Small Businesses Leverage Cashflow to Fund Growth

Majority of small and medium enterprises find it too “time-consuming and expensive” to apply for bank finance

Small Businesses Leverage Cashflow to Fund Growth

More than half (59%) of Britain’s small firms are using cashflow to fund growth as many believe it’s too “expensive and time-consuming” to seek funding traditional lenders; the national Working Capital Outlook Survey by C2FO has reported.

60% of small businesses said it was too expensive to borrow from banks and the report found that only 30% of UK companies are able to borrow money for an APR of under 6% – with firms in the financial and insurance sector borrowing at the highest rate of approximately 7.2%.

The survey featured over 400 small and medium businesses and quizzed them on a range of financial issues, including how they preferred to improve working capital and deal with late payments.

While many business owners said they were trying to finance development using operational cash, 61% said they are becoming increasingly concerned over their ability to finance long-term growth over short-term growth (39%). Furthermore, 40% of business owners said there have been points over the last year when they have needed more working capital than they had.

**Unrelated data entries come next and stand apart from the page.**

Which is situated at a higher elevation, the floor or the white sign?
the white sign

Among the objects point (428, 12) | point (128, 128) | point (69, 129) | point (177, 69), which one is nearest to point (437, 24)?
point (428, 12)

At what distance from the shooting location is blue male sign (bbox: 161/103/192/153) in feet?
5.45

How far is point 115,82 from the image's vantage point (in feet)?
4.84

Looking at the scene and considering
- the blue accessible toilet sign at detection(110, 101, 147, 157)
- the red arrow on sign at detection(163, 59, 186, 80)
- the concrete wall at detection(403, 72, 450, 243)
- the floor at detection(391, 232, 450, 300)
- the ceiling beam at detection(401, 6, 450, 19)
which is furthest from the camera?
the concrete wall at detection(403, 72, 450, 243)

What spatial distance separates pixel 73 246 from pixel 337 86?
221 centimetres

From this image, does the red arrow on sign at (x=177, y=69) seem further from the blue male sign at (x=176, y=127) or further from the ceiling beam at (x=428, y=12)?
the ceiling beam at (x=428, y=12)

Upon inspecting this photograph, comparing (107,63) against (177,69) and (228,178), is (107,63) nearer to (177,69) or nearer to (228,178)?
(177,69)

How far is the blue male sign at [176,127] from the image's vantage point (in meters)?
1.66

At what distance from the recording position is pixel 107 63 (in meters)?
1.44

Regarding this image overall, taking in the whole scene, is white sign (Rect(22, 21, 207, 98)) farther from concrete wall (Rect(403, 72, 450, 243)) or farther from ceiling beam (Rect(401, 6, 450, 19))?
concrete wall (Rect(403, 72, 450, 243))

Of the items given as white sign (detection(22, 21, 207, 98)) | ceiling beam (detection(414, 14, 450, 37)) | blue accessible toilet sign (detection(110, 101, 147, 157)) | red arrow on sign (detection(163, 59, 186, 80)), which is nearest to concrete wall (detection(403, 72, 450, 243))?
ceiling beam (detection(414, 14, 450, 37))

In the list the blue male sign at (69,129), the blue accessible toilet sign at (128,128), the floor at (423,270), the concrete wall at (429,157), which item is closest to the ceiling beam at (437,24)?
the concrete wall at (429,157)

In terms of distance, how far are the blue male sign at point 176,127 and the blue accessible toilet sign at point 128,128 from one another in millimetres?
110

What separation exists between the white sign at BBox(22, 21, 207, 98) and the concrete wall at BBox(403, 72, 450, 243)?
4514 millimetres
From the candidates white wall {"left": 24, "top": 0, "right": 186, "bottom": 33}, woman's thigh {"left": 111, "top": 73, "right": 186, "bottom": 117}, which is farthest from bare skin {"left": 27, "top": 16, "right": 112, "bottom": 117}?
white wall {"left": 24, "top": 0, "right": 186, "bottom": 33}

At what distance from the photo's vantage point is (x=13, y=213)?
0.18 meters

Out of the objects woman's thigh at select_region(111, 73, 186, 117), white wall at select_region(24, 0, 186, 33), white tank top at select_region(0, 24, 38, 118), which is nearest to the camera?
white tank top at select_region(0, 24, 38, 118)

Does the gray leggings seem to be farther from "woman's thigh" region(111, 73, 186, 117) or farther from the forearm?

When asked what they would do with more funding, business owners reported that they would invest in growth (46%), purchase more inventory (23%) and meet existing obligations (20%).

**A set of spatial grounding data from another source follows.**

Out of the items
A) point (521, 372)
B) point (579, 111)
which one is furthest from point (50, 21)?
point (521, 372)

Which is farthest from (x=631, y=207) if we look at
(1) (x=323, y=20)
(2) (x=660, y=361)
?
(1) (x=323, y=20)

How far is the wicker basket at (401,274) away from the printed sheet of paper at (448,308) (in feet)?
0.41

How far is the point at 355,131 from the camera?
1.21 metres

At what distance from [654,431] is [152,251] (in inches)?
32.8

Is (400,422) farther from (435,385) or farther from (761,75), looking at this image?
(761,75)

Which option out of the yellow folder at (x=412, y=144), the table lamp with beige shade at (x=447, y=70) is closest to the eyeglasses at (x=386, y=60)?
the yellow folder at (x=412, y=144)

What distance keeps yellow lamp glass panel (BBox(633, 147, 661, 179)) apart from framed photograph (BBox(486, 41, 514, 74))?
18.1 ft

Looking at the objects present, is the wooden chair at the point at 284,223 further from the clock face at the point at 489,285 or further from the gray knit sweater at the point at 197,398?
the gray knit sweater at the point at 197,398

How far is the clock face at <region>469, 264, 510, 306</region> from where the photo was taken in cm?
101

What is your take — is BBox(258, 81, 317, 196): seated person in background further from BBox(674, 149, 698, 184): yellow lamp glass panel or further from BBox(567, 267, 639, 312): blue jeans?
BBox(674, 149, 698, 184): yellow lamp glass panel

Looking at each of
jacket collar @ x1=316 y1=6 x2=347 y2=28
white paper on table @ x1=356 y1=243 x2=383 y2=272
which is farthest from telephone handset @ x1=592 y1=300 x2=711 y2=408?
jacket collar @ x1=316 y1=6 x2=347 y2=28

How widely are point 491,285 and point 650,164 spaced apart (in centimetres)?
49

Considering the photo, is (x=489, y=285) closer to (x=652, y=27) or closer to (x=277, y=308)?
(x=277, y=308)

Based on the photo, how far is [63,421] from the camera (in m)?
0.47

In regards to small businesses and late payments, many firms reported an ongoing issue with large business customers refusing to pay on time – over 10% of small businesses confirmed that customers regularly pay late.

Despite the highly publicised late payment problem in Britain, 39% of business owners said they still don’t like to directly ask customers for early payment. Yet when asked what type of payment options companies considered, 77% said they would prefer to name their rate for early payment.

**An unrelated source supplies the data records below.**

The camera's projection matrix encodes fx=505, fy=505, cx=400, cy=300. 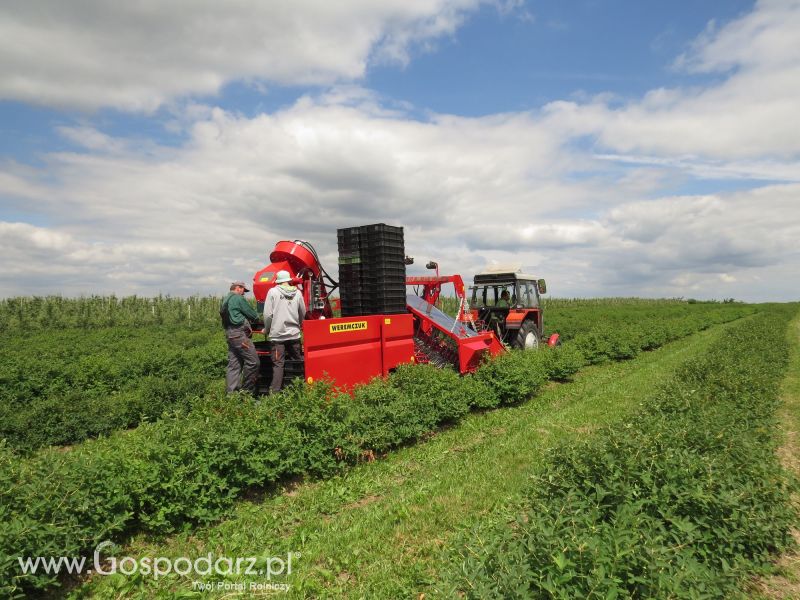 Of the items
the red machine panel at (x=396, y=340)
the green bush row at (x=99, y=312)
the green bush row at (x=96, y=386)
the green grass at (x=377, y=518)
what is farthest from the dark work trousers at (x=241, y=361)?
the green bush row at (x=99, y=312)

Colin Sharp, SVP EMEA at C2FO, commented on the report:

“Small businesses in the UK are evidently paying careful attention to their prospective customers’ payment terms, given high borrowing costs and an increasing reliance on efficient cash flow from their customers to fund operations and growth.

“Over a third of UK small businesses state that it’s too expensive to borrow, with a majority financing themselves with cashflow from operations.”